**EXERCISE MATERIAL:**
= Beginning of Section =
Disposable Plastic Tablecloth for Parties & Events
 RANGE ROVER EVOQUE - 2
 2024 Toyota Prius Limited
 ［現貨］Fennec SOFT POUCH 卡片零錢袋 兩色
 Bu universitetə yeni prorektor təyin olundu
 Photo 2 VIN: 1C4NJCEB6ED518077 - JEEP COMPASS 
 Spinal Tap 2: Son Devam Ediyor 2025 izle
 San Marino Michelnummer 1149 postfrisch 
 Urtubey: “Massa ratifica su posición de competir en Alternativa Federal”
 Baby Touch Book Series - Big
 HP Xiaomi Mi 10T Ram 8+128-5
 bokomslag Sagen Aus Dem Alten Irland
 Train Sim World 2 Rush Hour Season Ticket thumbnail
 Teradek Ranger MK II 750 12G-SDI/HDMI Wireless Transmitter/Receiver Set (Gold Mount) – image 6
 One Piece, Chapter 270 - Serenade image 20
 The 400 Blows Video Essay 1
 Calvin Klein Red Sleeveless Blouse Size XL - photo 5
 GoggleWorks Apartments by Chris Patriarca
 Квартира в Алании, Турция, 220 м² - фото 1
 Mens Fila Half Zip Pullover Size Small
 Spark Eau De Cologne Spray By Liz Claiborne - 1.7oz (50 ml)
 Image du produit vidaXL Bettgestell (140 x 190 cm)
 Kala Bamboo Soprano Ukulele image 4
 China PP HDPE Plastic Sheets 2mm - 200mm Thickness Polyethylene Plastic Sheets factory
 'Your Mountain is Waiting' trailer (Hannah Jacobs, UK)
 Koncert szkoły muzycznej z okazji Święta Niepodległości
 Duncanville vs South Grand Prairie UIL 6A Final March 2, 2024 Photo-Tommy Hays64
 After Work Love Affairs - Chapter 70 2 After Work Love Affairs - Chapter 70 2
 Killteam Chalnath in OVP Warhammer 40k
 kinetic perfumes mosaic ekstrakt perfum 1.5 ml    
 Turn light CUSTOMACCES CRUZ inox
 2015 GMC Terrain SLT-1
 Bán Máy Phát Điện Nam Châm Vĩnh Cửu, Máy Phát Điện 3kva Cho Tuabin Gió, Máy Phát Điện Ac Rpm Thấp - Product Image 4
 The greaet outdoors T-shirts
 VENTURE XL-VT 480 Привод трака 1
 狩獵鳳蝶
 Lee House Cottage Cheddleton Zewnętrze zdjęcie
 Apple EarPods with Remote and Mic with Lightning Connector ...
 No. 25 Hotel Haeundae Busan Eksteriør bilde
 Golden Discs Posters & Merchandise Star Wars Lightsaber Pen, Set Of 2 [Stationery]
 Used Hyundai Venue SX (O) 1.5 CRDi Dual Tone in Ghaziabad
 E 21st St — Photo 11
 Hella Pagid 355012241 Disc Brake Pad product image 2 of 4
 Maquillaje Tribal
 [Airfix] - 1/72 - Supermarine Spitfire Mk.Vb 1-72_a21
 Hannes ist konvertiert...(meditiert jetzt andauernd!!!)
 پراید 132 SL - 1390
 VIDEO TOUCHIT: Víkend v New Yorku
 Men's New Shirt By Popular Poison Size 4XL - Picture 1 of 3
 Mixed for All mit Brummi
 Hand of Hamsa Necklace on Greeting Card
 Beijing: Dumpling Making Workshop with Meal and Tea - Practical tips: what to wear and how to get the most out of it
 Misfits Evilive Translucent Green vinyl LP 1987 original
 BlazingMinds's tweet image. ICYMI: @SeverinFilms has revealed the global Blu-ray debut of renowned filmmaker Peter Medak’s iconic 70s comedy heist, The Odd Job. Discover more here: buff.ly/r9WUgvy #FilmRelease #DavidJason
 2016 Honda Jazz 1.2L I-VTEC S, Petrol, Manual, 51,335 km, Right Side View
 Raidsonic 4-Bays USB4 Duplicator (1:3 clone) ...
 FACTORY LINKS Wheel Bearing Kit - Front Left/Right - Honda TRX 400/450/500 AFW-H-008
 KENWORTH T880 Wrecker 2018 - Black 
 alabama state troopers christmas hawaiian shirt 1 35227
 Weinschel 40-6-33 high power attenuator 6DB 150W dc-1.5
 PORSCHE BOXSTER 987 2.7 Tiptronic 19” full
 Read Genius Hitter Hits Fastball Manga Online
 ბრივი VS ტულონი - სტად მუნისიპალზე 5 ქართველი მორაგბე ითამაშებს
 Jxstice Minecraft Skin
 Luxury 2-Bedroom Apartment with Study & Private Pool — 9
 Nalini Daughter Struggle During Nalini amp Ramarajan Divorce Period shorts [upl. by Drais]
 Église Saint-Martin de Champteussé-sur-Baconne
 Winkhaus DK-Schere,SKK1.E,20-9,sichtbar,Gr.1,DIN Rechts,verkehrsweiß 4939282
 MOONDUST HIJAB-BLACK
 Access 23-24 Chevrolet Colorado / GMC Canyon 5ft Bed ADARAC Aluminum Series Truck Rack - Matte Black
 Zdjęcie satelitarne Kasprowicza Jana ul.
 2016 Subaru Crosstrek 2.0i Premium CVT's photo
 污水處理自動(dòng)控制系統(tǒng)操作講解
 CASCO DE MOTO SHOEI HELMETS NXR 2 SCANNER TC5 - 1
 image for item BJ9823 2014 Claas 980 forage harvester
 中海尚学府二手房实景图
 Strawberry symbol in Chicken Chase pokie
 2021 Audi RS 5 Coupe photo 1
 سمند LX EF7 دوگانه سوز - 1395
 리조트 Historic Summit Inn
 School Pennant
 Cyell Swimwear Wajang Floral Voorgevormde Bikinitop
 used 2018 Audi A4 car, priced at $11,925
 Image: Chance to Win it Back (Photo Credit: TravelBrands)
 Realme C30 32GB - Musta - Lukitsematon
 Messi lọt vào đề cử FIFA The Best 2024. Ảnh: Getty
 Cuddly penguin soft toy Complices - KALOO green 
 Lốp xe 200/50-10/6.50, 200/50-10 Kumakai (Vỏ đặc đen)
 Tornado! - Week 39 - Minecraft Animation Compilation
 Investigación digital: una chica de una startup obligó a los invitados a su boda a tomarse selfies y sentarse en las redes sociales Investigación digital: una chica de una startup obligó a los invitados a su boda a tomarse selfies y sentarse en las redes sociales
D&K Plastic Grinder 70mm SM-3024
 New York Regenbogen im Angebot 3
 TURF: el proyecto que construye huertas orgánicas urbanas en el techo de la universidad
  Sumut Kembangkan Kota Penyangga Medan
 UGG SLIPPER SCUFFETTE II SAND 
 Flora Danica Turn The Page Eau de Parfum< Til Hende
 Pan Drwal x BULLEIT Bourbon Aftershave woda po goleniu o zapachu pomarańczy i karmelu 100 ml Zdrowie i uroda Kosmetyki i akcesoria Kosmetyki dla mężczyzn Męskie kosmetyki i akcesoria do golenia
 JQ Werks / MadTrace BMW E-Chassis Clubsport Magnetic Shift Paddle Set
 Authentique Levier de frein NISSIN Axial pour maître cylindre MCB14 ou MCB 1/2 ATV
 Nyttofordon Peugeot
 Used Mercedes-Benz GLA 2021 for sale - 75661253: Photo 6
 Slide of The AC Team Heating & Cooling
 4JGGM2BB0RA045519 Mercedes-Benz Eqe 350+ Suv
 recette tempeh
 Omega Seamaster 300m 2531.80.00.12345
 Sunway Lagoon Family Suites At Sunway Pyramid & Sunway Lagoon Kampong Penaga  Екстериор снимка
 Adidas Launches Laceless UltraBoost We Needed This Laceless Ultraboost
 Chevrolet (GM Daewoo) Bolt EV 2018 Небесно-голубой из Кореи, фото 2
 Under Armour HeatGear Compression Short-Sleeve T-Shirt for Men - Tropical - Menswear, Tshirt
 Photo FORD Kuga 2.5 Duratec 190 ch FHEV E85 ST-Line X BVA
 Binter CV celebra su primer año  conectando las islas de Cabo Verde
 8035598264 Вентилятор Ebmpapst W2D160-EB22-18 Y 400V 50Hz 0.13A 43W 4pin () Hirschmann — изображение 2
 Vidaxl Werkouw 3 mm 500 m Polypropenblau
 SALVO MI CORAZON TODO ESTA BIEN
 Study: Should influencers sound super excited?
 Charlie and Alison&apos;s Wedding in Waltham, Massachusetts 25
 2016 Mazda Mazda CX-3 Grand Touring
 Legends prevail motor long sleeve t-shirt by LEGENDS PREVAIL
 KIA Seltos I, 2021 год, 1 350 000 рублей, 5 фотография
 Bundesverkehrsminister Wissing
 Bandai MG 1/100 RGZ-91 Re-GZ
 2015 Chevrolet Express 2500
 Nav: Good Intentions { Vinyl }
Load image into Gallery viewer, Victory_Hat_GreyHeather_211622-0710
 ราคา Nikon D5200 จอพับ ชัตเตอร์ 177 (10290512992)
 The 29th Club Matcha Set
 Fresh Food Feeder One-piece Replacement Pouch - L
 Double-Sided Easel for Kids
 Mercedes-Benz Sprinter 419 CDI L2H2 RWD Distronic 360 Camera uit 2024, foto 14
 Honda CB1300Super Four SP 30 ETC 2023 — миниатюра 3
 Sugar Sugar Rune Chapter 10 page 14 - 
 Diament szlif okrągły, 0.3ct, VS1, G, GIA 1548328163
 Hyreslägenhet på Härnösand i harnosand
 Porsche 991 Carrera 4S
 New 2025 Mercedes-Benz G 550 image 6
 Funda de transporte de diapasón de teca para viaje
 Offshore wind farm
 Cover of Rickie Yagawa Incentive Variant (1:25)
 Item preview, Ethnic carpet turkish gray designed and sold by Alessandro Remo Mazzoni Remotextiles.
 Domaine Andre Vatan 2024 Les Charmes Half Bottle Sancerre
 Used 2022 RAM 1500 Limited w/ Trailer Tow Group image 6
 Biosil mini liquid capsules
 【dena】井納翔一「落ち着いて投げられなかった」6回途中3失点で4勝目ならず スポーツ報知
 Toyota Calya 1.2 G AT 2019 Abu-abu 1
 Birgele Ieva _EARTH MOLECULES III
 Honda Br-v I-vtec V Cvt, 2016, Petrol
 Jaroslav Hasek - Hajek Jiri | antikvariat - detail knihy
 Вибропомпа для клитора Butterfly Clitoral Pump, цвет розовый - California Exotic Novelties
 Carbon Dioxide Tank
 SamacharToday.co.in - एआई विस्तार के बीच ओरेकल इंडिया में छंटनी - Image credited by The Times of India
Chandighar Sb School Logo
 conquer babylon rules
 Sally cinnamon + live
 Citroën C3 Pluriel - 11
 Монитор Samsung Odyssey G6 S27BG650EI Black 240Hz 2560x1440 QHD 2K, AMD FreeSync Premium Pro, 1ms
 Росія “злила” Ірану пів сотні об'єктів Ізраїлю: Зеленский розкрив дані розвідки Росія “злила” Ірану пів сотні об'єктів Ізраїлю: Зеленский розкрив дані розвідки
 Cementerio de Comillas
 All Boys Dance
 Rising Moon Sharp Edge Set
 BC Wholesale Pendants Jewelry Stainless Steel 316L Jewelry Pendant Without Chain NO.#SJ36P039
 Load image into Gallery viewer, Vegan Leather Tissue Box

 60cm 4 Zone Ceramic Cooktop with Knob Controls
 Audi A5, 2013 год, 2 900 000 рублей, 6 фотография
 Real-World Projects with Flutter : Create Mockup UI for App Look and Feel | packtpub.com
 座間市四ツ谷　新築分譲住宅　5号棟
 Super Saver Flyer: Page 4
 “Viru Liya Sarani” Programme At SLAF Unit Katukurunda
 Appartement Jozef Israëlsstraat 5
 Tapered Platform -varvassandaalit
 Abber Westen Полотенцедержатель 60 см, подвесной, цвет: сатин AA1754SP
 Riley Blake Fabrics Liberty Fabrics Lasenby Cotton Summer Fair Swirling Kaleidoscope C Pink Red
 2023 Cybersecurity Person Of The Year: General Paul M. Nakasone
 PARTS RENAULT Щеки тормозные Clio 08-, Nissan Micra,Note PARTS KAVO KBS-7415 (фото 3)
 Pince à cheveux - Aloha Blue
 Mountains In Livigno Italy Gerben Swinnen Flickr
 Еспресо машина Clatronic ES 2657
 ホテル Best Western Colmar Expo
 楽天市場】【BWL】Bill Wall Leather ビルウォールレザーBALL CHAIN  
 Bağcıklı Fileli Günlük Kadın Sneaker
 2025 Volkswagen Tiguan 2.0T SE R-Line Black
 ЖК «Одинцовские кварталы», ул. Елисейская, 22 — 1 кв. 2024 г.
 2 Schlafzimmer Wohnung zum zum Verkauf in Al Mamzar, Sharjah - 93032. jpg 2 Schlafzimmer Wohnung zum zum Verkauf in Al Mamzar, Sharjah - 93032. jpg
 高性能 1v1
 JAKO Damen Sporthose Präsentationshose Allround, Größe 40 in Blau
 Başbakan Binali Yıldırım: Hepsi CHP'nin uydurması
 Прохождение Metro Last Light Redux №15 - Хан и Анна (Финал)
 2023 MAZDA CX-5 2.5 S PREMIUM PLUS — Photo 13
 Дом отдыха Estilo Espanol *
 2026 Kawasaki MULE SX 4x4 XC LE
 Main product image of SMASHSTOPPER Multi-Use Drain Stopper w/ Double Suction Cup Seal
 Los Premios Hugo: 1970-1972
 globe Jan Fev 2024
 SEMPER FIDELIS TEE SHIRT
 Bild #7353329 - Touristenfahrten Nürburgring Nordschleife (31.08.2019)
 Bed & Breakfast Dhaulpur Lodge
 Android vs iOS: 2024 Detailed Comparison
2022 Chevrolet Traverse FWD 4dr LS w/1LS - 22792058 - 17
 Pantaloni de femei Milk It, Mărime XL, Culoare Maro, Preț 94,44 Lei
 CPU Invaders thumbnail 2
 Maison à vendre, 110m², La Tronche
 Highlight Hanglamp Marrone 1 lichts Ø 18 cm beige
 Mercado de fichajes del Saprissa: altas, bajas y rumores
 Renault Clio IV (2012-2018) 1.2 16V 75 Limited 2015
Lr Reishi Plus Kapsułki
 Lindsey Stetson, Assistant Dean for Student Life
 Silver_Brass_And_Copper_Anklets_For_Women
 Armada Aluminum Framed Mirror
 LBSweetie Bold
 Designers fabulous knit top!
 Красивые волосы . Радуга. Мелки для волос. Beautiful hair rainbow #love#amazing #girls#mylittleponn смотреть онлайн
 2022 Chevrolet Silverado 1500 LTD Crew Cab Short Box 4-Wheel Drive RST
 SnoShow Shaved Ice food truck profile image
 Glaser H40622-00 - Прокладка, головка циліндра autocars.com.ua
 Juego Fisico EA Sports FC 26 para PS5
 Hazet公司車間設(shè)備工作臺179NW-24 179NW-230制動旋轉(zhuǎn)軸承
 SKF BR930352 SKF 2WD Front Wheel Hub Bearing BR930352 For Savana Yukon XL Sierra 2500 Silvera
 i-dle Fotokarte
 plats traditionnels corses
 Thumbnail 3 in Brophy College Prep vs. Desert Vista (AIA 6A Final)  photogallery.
= End of Section =
**EXERCISE BRIEF:**
Within the listing above, extract exactly the lines from the line with "中海尚学府二手房实景图" to the line with "Image: Chance to", the two named lines included, and no others.

**OUTPUT FOR THIS EXERCISE:**
 中海尚学府二手房实景图
 Strawberry symbol in Chicken Chase pokie
 2021 Audi RS 5 Coupe photo 1
 سمند LX EF7 دوگانه سوز - 1395
 리조트 Historic Summit Inn
 School Pennant
 Cyell Swimwear Wajang Floral Voorgevormde Bikinitop
 used 2018 Audi A4 car, priced at $11,925
 Image: Chance to Win it Back (Photo Credit: TravelBrands)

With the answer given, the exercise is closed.